-- Prompt --
A single number is all that's needed: how many lines in the data contain the string "Autumn".

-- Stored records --
═══

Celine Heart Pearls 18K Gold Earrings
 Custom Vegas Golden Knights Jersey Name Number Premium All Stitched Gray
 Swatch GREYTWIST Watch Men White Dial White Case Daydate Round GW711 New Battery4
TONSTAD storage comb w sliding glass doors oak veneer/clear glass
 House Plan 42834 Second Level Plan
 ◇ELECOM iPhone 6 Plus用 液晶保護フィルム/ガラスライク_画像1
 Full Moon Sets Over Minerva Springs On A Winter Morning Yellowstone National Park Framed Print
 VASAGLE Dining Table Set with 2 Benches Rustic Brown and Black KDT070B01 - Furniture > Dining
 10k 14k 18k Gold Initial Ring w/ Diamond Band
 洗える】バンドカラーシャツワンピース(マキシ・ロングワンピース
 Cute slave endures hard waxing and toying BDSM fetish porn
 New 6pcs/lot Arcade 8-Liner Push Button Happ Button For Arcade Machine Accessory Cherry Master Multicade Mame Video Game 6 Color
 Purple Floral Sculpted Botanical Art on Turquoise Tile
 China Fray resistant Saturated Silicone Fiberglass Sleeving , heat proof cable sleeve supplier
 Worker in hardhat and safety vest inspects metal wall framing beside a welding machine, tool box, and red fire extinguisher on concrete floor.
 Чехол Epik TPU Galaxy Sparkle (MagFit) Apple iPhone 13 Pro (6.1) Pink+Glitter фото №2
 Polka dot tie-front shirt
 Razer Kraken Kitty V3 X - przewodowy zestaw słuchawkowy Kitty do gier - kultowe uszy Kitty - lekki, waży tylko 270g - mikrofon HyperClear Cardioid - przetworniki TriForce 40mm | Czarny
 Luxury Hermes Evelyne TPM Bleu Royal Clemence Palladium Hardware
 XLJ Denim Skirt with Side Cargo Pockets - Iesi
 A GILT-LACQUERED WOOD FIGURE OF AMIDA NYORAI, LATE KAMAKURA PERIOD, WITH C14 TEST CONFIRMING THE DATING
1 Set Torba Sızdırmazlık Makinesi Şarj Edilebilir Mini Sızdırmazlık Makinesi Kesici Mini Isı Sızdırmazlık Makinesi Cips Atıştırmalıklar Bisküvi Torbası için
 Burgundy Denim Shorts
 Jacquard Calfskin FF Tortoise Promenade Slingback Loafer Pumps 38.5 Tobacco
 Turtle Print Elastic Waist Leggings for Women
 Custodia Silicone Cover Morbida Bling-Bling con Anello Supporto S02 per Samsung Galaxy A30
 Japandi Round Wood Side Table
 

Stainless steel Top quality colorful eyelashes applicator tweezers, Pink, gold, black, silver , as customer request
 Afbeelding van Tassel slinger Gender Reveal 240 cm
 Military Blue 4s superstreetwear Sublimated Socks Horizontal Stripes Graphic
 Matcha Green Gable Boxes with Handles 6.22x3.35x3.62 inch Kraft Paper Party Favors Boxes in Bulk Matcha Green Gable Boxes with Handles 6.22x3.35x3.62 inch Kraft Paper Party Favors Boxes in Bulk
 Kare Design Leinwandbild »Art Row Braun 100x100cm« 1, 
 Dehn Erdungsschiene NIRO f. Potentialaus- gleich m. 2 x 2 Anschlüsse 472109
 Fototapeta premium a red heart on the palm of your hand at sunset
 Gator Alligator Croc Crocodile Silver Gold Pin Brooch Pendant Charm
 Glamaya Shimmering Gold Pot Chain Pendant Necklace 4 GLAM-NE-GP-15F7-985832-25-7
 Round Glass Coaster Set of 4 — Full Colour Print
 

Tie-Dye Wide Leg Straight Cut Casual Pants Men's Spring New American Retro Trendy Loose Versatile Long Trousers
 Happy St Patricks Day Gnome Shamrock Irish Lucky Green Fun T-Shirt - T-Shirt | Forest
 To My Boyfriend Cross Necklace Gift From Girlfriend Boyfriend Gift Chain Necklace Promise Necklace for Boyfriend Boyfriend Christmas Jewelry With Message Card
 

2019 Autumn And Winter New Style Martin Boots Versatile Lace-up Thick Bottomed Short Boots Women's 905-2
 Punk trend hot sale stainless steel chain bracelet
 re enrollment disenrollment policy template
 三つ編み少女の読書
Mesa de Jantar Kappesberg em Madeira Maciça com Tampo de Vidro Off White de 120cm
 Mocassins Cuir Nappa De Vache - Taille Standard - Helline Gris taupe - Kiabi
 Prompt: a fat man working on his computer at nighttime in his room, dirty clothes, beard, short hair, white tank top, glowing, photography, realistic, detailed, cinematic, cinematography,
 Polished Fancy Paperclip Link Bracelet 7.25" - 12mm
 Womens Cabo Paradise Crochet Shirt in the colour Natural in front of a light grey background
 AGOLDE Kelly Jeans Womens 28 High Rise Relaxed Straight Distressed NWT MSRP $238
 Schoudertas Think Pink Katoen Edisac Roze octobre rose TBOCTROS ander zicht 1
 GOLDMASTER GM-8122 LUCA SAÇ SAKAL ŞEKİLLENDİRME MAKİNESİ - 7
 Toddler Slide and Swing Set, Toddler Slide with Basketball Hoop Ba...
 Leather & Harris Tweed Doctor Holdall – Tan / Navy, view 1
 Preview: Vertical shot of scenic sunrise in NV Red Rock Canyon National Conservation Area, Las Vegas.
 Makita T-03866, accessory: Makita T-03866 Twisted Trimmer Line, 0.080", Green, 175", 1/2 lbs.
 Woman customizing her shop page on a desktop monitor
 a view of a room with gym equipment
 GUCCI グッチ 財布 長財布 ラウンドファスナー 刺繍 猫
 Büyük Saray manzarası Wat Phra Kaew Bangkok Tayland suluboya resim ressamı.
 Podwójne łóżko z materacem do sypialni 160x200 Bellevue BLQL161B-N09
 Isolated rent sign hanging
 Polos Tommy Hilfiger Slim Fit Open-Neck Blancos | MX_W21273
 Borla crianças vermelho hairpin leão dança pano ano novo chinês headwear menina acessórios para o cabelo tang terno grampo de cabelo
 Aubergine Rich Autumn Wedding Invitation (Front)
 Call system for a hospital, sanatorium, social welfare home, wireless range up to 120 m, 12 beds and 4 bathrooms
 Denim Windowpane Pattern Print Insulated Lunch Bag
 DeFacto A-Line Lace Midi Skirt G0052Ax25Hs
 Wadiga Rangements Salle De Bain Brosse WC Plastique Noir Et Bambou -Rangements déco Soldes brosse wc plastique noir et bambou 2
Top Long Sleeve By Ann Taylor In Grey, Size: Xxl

═══

-- Answer to the problem --
2